#### Problem details:
All of the data, except its images, should be set down exactly as it appears.

*** Provided data ***

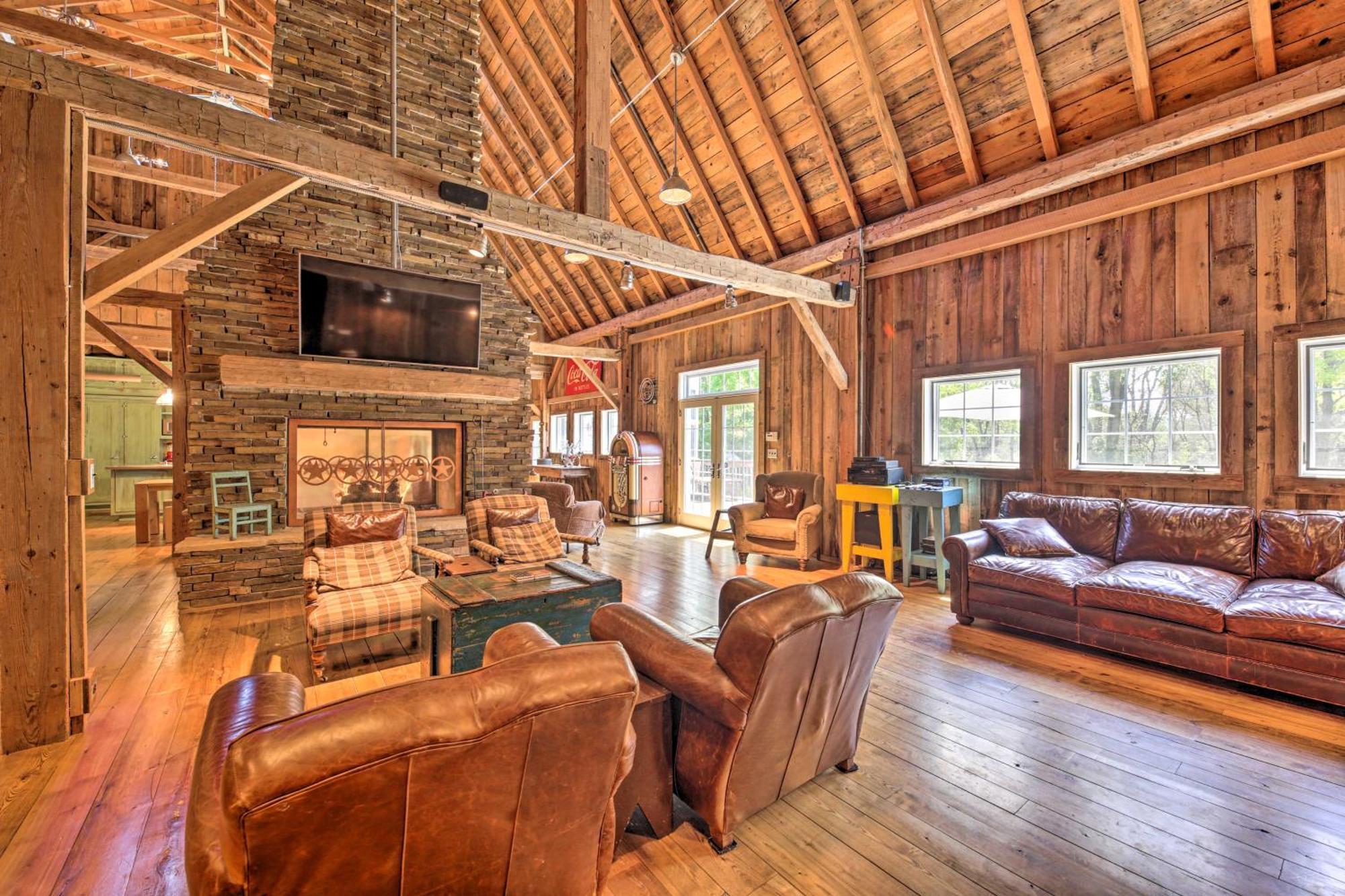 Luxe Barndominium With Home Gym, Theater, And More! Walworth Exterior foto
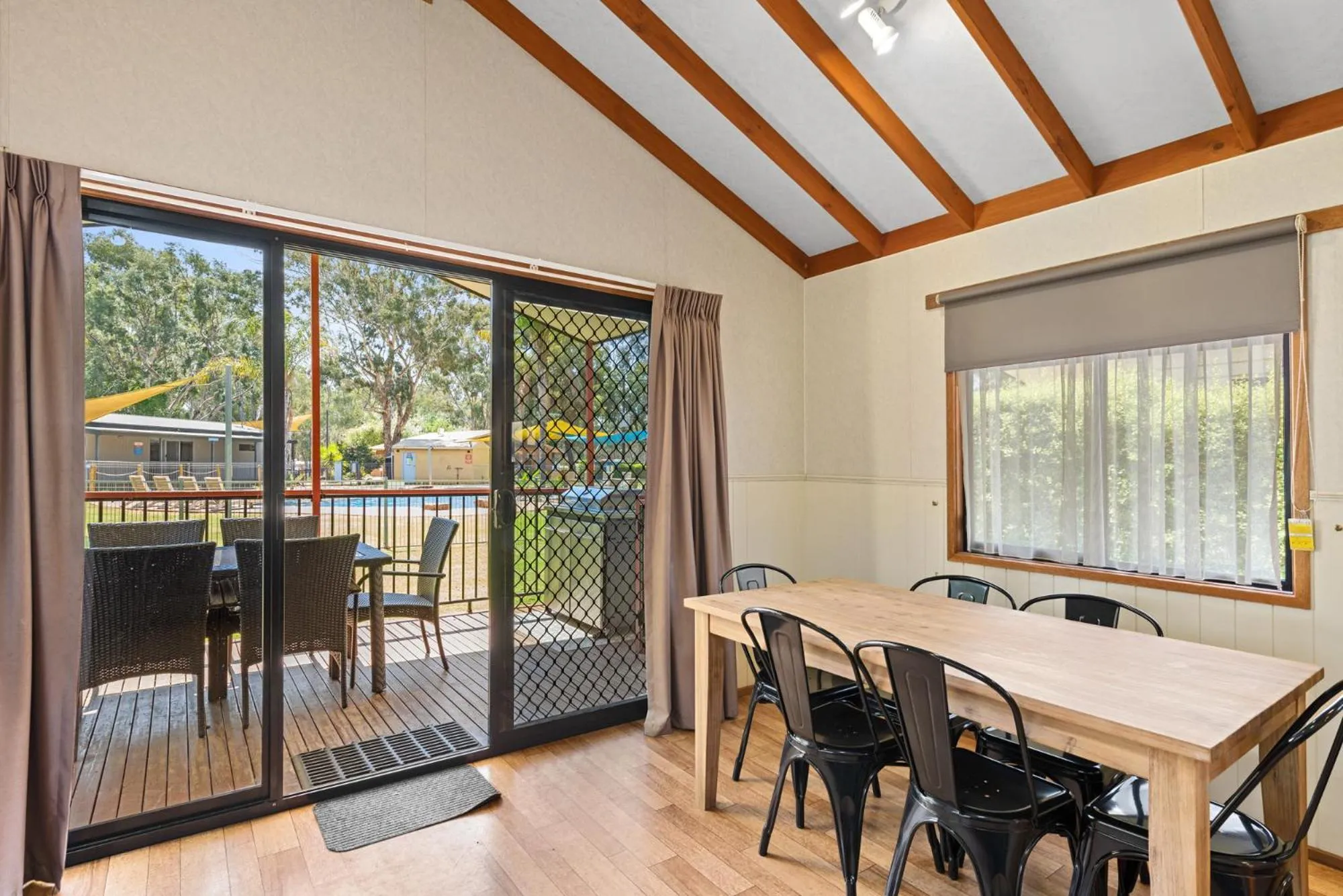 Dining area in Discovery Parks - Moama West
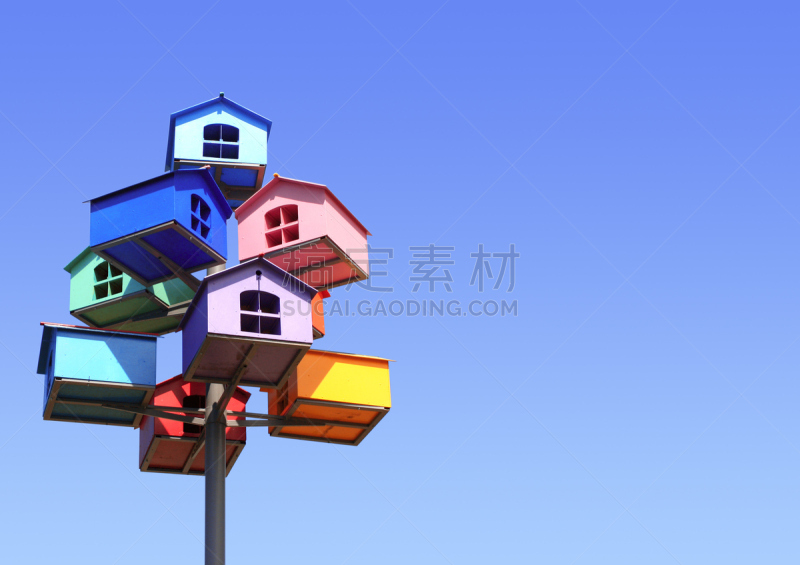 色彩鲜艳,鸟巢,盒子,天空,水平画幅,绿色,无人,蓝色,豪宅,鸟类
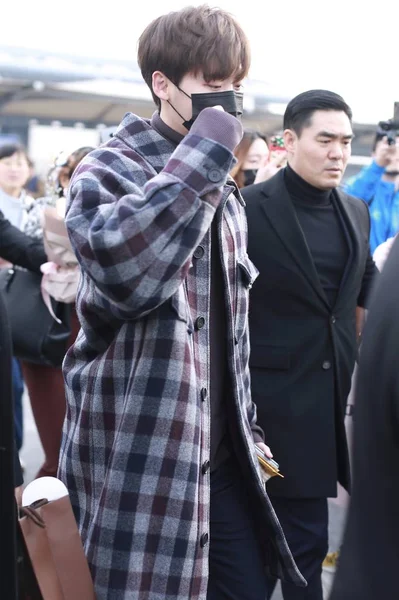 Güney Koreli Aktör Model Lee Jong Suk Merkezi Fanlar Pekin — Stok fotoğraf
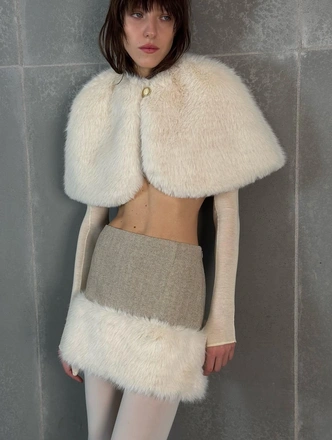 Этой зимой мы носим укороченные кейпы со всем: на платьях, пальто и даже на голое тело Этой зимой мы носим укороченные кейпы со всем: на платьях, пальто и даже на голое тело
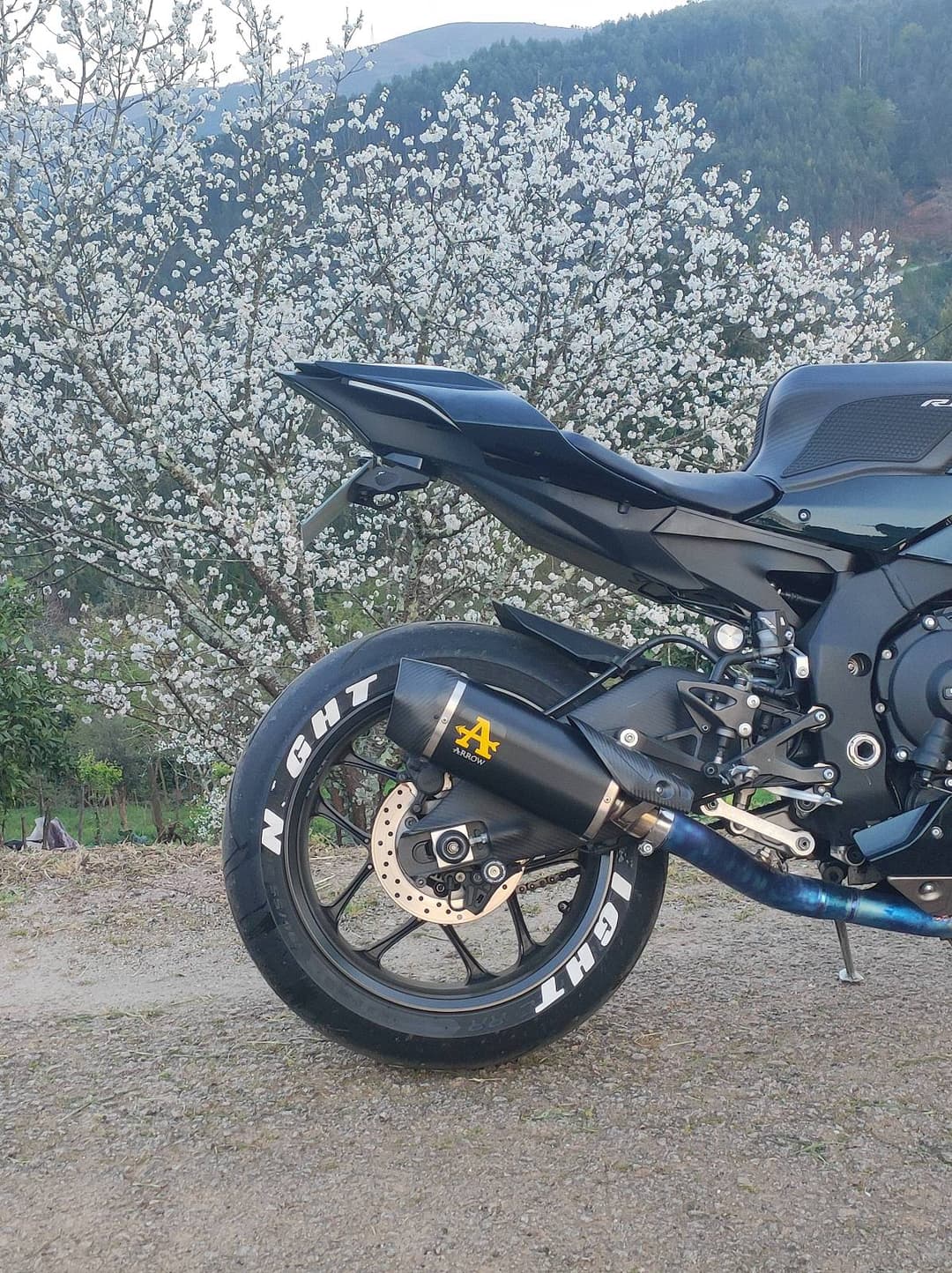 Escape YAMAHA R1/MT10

***

#### Answer:
 Luxe Barndominium With Home Gym, Theater, And More! Walworth Exterior foto
 Dining area in Discovery Parks - Moama West
 色彩鲜艳,鸟巢,盒子,天空,水平画幅,绿色,无人,蓝色,豪宅,鸟类
 Güney Koreli Aktör Model Lee Jong Suk Merkezi Fanlar Pekin — Stok fotoğraf
 Этой зимой мы носим укороченные кейпы со всем: на платьях, пальто и даже на голое тело Этой зимой мы носим укороченные кейпы со всем: на платьях, пальто и даже на голое тело
 Escape YAMAHA R1/MT10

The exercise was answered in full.